Ko Honda

Higher-dimensional Heegaard Floer homology (week 1)

In the lecture series I will introduce higher-dimensional Heegaard Floer homology (HDHF), which simultaneously generalizes the usual Heegaard Floer homology (due to Ozsváth-Szabó) and a variant symplectic Khovanov homology (due to Seidel-Smith). I will then proceed to explain the relationship of HDHF with Hecke algebras (including the double affine Hecke algebra), skein theory, and string topology.

Copilots:

Mikhail Khovanov

KLR algebras and link homology (week 1)

In this lecture series we will review KLR algebras, which categorify positive halves of quantum groups. We then examine several ways in which they connect to link homology theories. One such construction is via foams and categorified Howe duality. The other is via Webster's categorification of tensor products of quantum group representations and Reshetikhin-Turaev invariants.

Copilots:

Tobias Ekholm

Skein valued curve counts (week 2)

The lectures will cover: (1) Wall crossing for holomorphic curves with Lagrangian boundary condition and the HOMFLYPT skein, (2) Recursion relations, (3) Applications to the Ooguri-Vafa conjecture and the topological vertex, (4) Skein trace maps.

Copilots:

Vivek Shende

Fukaya categories and higher representation theory (week 2)

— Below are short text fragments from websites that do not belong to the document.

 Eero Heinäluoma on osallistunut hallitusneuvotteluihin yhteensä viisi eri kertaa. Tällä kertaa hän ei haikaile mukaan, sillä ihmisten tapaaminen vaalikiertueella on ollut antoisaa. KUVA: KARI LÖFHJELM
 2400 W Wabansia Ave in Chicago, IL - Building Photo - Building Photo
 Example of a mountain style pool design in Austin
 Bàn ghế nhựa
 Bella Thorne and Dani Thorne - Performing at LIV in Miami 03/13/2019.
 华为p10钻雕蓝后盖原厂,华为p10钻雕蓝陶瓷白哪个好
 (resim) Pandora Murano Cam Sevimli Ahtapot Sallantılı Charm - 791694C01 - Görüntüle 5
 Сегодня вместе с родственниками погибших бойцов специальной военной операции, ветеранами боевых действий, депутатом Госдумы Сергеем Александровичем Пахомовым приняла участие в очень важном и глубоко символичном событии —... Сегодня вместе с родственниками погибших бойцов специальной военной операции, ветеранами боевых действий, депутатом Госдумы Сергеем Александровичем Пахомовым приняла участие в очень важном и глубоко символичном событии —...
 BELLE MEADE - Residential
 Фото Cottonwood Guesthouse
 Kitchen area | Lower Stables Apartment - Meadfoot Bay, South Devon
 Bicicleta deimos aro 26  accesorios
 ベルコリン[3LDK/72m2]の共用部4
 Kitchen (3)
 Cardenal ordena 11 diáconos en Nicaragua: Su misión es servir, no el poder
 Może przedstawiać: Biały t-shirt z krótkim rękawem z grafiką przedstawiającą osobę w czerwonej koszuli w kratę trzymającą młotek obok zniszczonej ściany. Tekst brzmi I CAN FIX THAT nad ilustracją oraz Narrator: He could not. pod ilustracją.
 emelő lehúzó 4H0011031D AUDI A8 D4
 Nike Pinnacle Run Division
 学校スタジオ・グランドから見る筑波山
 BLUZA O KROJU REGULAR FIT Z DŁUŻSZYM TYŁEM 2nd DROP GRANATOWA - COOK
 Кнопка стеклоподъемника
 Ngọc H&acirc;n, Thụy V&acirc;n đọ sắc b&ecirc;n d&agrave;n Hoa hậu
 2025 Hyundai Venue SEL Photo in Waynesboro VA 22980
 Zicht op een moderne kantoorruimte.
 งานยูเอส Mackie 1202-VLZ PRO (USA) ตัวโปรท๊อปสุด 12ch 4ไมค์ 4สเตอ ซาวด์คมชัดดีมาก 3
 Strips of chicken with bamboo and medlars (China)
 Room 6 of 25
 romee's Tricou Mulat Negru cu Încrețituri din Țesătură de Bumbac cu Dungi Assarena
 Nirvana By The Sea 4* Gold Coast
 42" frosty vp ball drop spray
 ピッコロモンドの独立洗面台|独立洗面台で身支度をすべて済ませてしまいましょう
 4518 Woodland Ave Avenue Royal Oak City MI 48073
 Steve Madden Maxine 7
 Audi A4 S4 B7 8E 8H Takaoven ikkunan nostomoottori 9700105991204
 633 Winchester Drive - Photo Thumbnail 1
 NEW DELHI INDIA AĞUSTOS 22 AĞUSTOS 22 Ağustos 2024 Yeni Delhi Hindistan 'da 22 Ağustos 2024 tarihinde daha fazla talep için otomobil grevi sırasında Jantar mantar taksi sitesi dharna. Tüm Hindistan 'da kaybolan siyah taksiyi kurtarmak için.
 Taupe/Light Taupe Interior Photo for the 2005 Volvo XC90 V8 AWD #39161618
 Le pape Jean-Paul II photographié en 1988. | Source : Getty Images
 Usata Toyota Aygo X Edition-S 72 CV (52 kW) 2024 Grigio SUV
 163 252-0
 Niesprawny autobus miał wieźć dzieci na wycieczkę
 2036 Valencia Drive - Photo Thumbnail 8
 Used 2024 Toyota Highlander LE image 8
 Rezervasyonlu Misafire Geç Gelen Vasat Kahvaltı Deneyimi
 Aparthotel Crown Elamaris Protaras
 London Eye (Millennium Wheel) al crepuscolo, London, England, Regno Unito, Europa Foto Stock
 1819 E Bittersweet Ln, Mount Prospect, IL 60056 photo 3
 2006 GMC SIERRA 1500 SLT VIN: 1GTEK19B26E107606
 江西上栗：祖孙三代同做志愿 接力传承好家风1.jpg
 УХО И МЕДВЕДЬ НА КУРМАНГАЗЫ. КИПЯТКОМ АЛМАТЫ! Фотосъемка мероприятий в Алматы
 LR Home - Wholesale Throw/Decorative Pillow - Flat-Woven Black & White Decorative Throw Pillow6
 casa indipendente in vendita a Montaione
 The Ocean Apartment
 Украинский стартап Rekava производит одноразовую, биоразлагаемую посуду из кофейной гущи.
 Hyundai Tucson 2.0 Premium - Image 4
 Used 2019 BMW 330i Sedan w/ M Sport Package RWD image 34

In this course I will explain how certain expected structures in higher representation theory — in particular, a `tensor product' for categorified representations of quantum groups, and a compatible braid group action — arise naturally from structural considerations around Fukaya categories on certain monopole moduli spaces. Along the way I will mention how Khovanov homology appears in this context. This presents joint work with Mina Aganagic, Elise LePage, and Peng Zhou.